I understand the count comes from wolf country, and it may be that he shall get there before us. I propose that we add Winchesters to our armament. I have a kind of belief in Winchesters when there is any trouble of that sort around. Do you remember Art, when we had that pack after us in Tobolsk (282)?

Even though he is speaking to Art, it is implied that Quincey, Art, and Jack Seward have all spent some time together in dangerous situations, and this is confirmed when, later, Seward says, “I think I had better go with Quincey. We have been accustomed to hunt together and we two, well armed, will be a match for whatever may come along” (307).
            Stoker created a complex character in Seward and throughout the novel we get hints like this -- hints about a life that is much more than that of a simple doctor. He is the very modern man of science who embraces the newest technology and, rather than write out his journal, records it on phonograph. He studies the unique eccentricities of his zoophagous patient, Renfield, and is excited about a possibly new diagnosis of insanity. He relies on modern chemistry and chloral hydrate to sleep, and although he successfully runs his hospital and has the prestige that comes from it, he still attempts to woo Lucy and improve his station and fortunes by asking for her hand.

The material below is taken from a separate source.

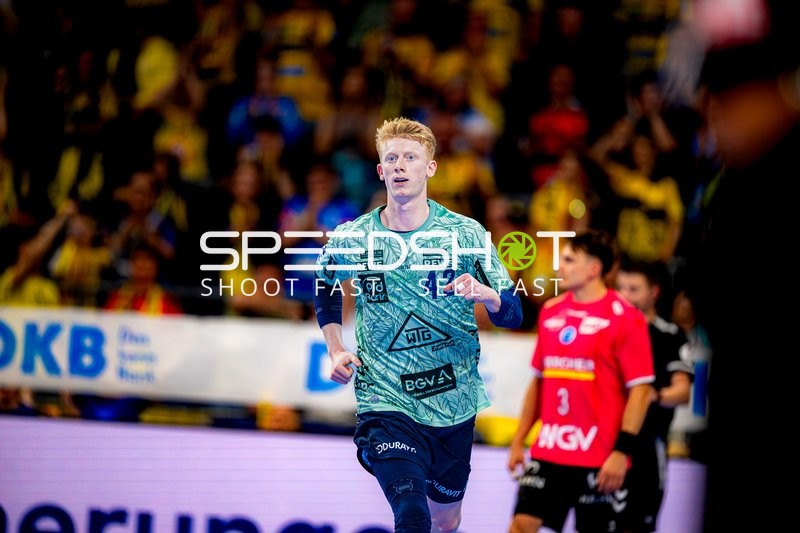 Spieler läuft auf dem Feld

            At odds with this very modern man of the 1890’s, he is also comfortable with all things traditionally Victorian. He defers to Art as Lord Godalming; as is only proper given their different stations. While Seward is a doctor with a very respectable post at his hospital, Art is still nobility and is treated as such by Seward. When faced with a medical problem that he is at a loss to explain with modern treatments, he defers to his mentor, Dr. Van Helsing, who relies as much on myth and folklore as medical procedures like blood transfusions.  Van Helsing represents the old world and is juxtaposed against the new world that Seward embraces. And, although he is proud of his modernity, he also always acts like a proper British gentleman when it comes to the woman in the novel. To save Art’s feelings and Lucy’s honor, he conspires with Van Helsing to lie about having transfused Lucy and to also cover up the death of Lucy’s mother, respectively (137). He is always polite and respectful to Mina, and his treatment of her is both brotherly and paternal.

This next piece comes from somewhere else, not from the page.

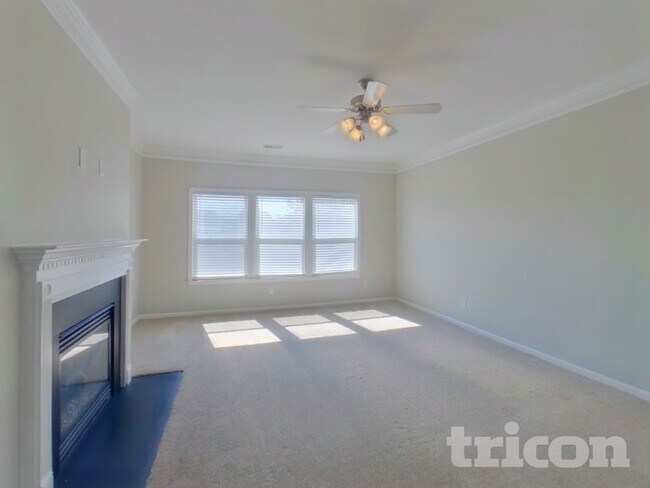 Foto del edificio - 527 W Saddletree Dr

            At the climax of the novel, as the foursome of heroes converge on the gypsies carrying Dracula to his castle, the majority of the action focuses on Jonathon, who is driven by his need to avenge his beloved Mina, and Quincey, who strikes the killing blow to Dracula. Art and Seward are reduced to standing guard over the gypsies with their rifles. However, this course of action does not in any way change the importance of Jack Seward to the novel. While the wild American and the wronged husband strike the final deathblows, Jack Seward upholds the traditionally Victorian values the so perfectly personified throughout. While he is a man of science and seeming frailty, he is in fact anything but. Seward faced the danger bravely and with stereotypical British resolve. He followed the lead of the others, and proves critical in stopping the threat that was Dracula.

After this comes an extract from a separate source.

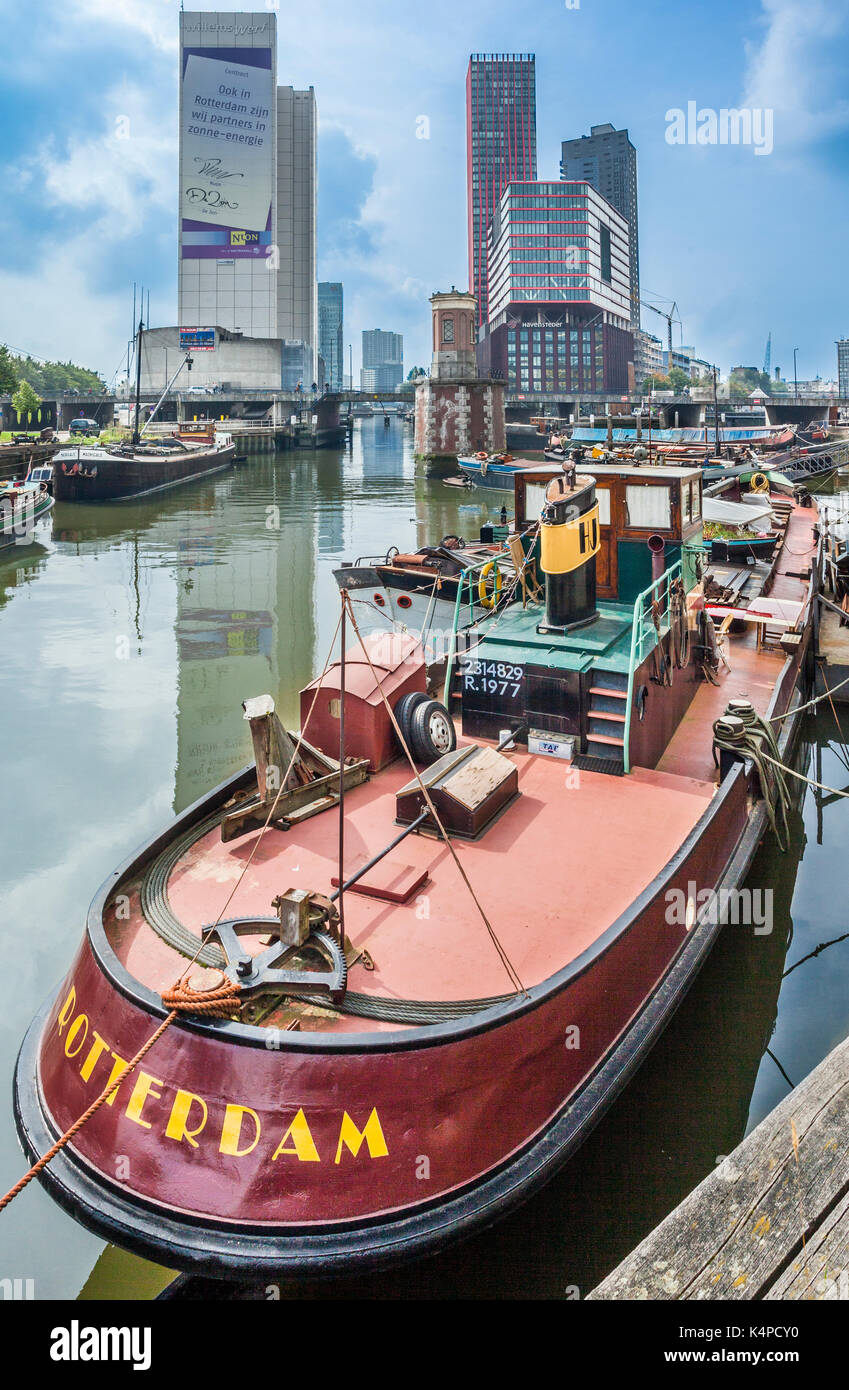 Pays Bas, Hollande-du-Sud, de Rotterdam, quartier maritime, les marchandises en vrac river bateaux amarrés à Wijnhaven Banque D'Images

            Quincey and Art had spent time with him in dangerous situations – as evidenced by the hints peppered throughout the novel by Stoker – and they trusted him to be there as he had in the past. That trust in his backbone and strength, and the manner of man Seward was, was critical in their triumph of good over evil… and the redemption of Mina. By extension, Jack was a critical piece in saving Mina. Additionally, he was an exemplification of both traditional Victorian values, and the emerging cultural, scientific, and social changes that were on the horizon for England. 

Work Cited:
Stoker, Bram. Dracula: Norton Critical Edition. Ed. Auerbach, Nina and Skal, David J.  New York.    W.W. Norton and Co. 1997. Print.